--- START ---

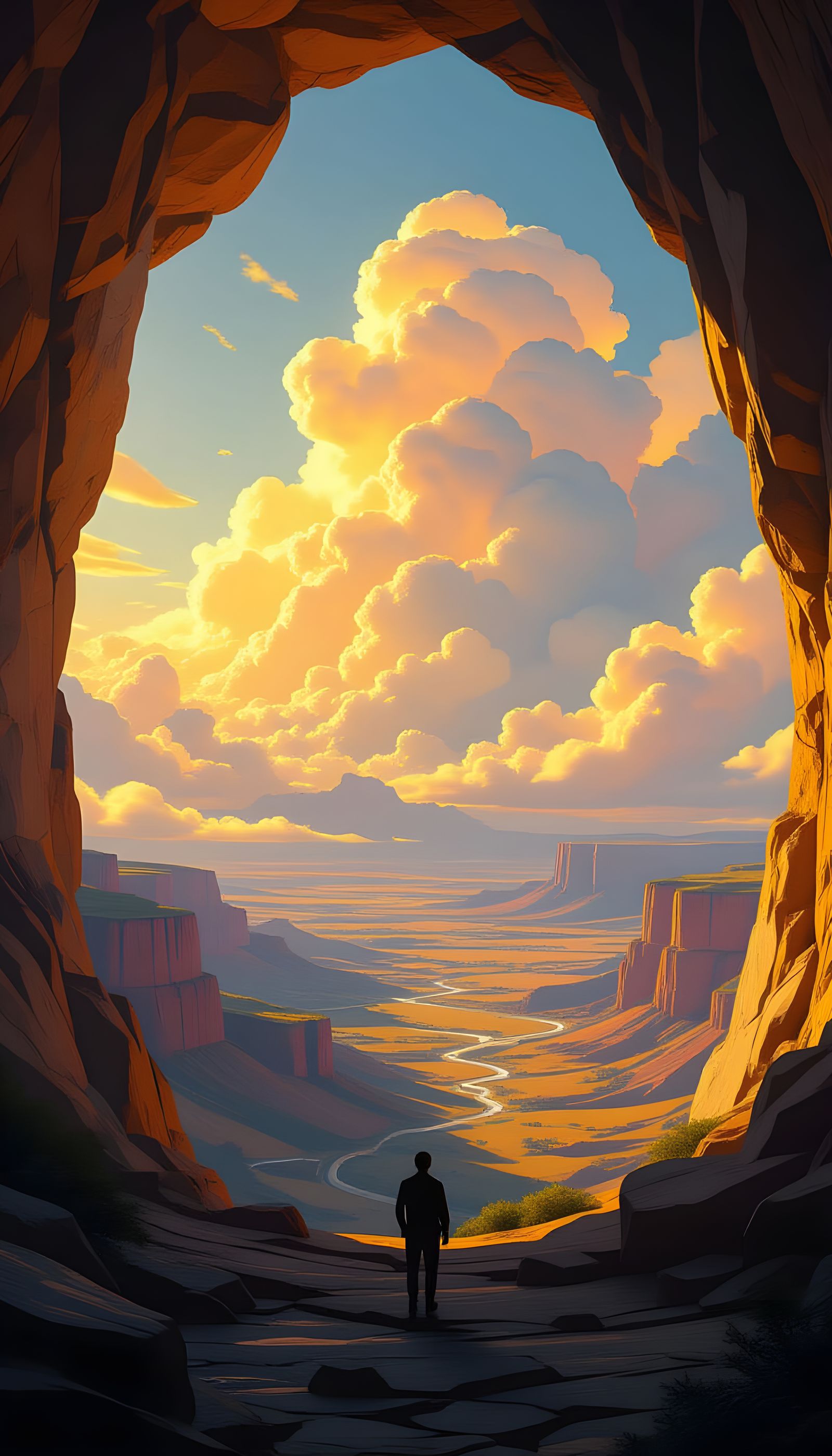 Dramatic Cave View of a Stunning Valley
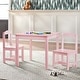preview thumbnail 6 of 13, Simple Living White 3-piece Hayden Kids Table/Chair Set Pink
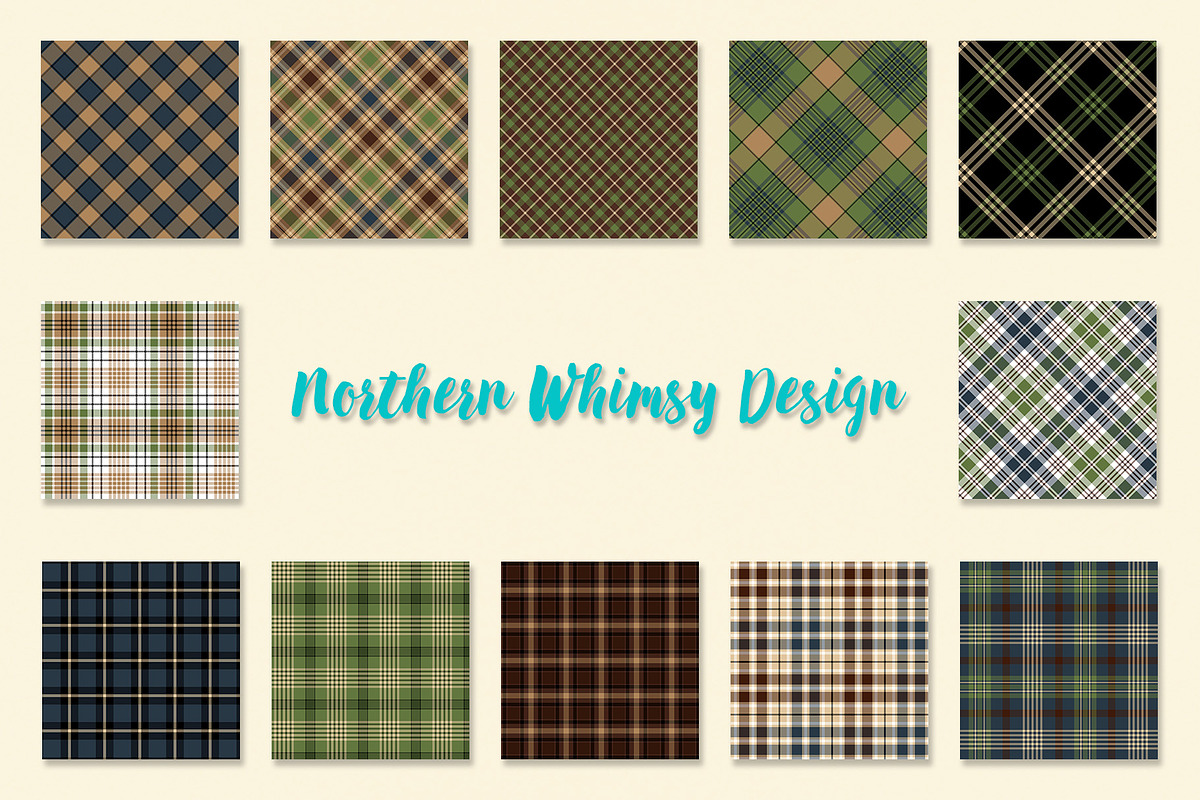 Masculine Plaid Patterns, a Pattern Graphic by Northern Whimsy Design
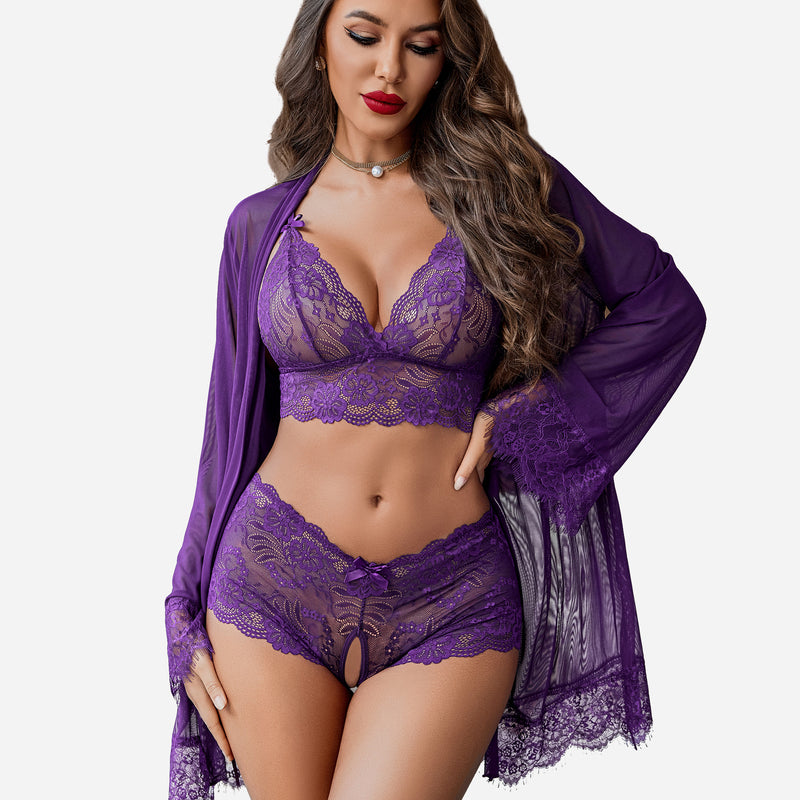 Avidlove purple lace lingerie set: sheer kimono robe, lace bra, and panty, perfect as sleepwear.
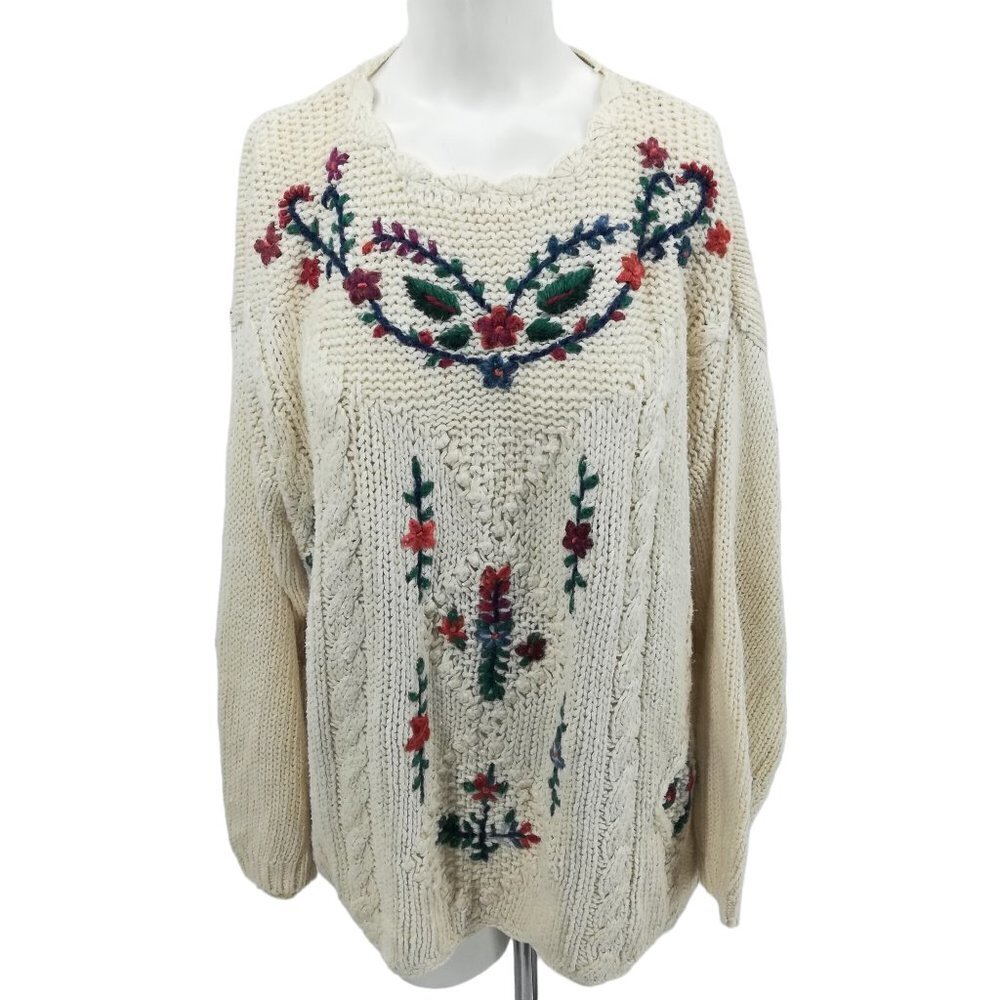 Vintage Cable Knit Embroidered Floral Oversized Sweater Size L Classic Elements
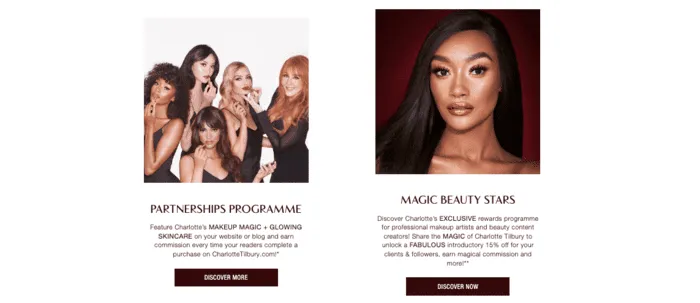 Charlotte Tilbury makeup affiliate programs banner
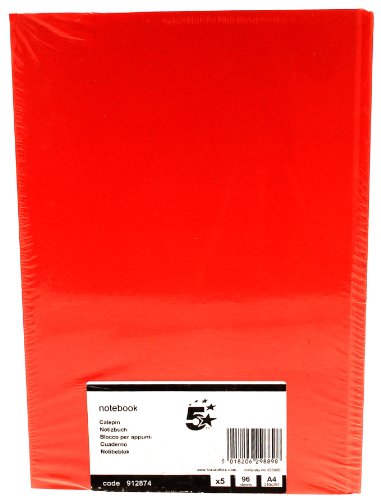5 Star Manuscript Book Casebound 70gsm Ruled 192 Pages A4 [Pack of 5], Red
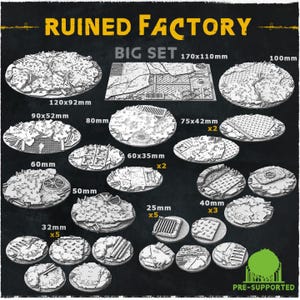 May include: A set of 10 ruined factory themed round bases for miniature wargaming. The set includes bases ranging in size from 32mm to 170mm. The bases are pre-supported and ready to be printed.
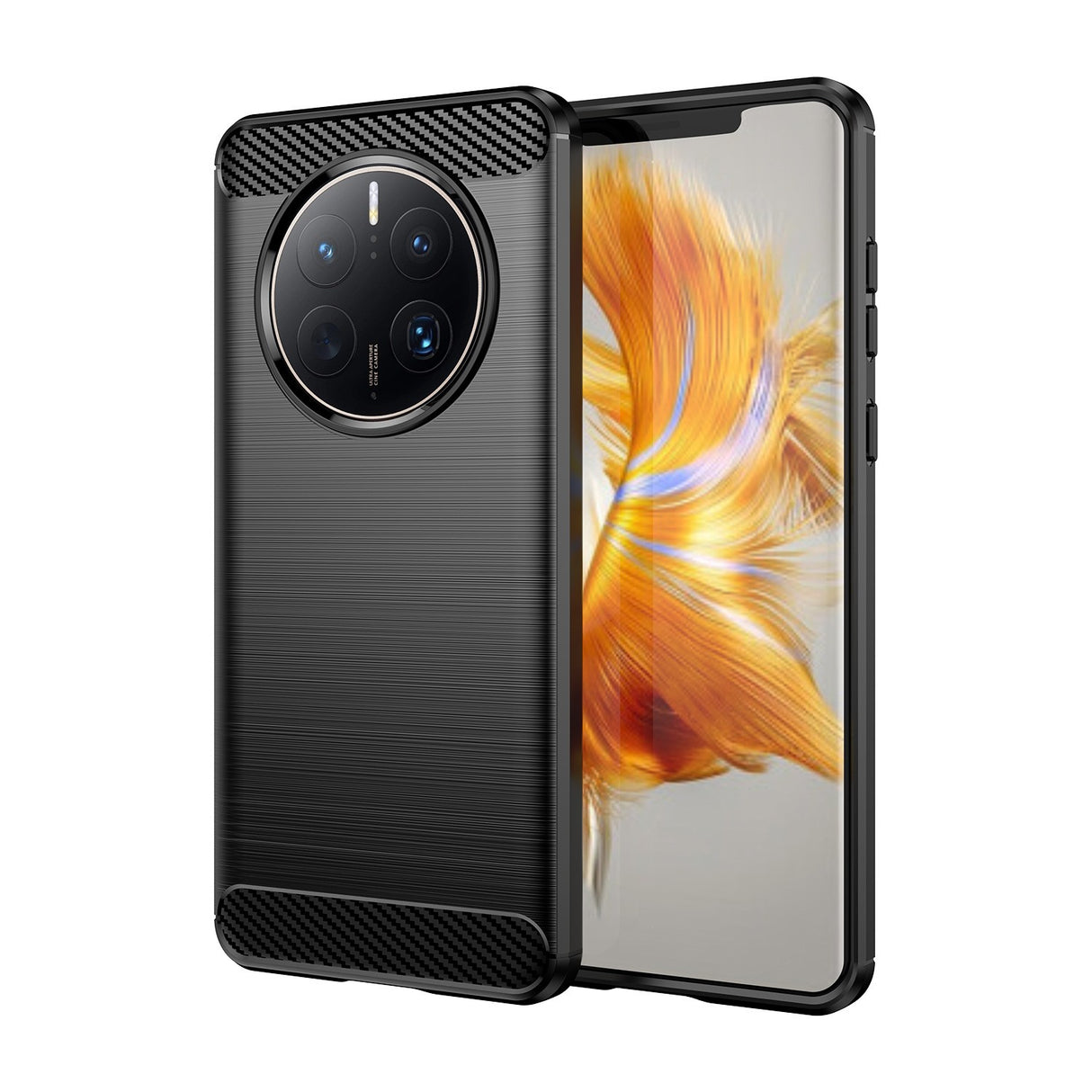 Husa de Protectie pentru Huawei Mate 50 Pro, Vivimall, Protectie 360, din TPU cu element de Carbon, Anti Alunecare, 1.8 mm, Negru - vivimall.ro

--- END ---

EXERCISE ▸ Print the data word for word and omit the pictures.

YOUR SOLUTION ▸
 Dramatic Cave View of a Stunning Valley
preview thumbnail 6 of 13, Simple Living White 3-piece Hayden Kids Table/Chair Set Pink
 Masculine Plaid Patterns, a Pattern Graphic by Northern Whimsy Design
 Avidlove purple lace lingerie set: sheer kimono robe, lace bra, and panty, perfect as sleepwear.
 Vintage Cable Knit Embroidered Floral Oversized Sweater Size L Classic Elements
 Charlotte Tilbury makeup affiliate programs banner
5 Star Manuscript Book Casebound 70gsm Ruled 192 Pages A4 [Pack of 5], Red
 May include: A set of 10 ruined factory themed round bases for miniature wargaming. The set includes bases ranging in size from 32mm to 170mm. The bases are pre-supported and ready to be printed.
 Husa de Protectie pentru Huawei Mate 50 Pro, Vivimall, Protectie 360, din TPU cu element de Carbon, Anti Alunecare, 1.8 mm, Negru - vivimall.ro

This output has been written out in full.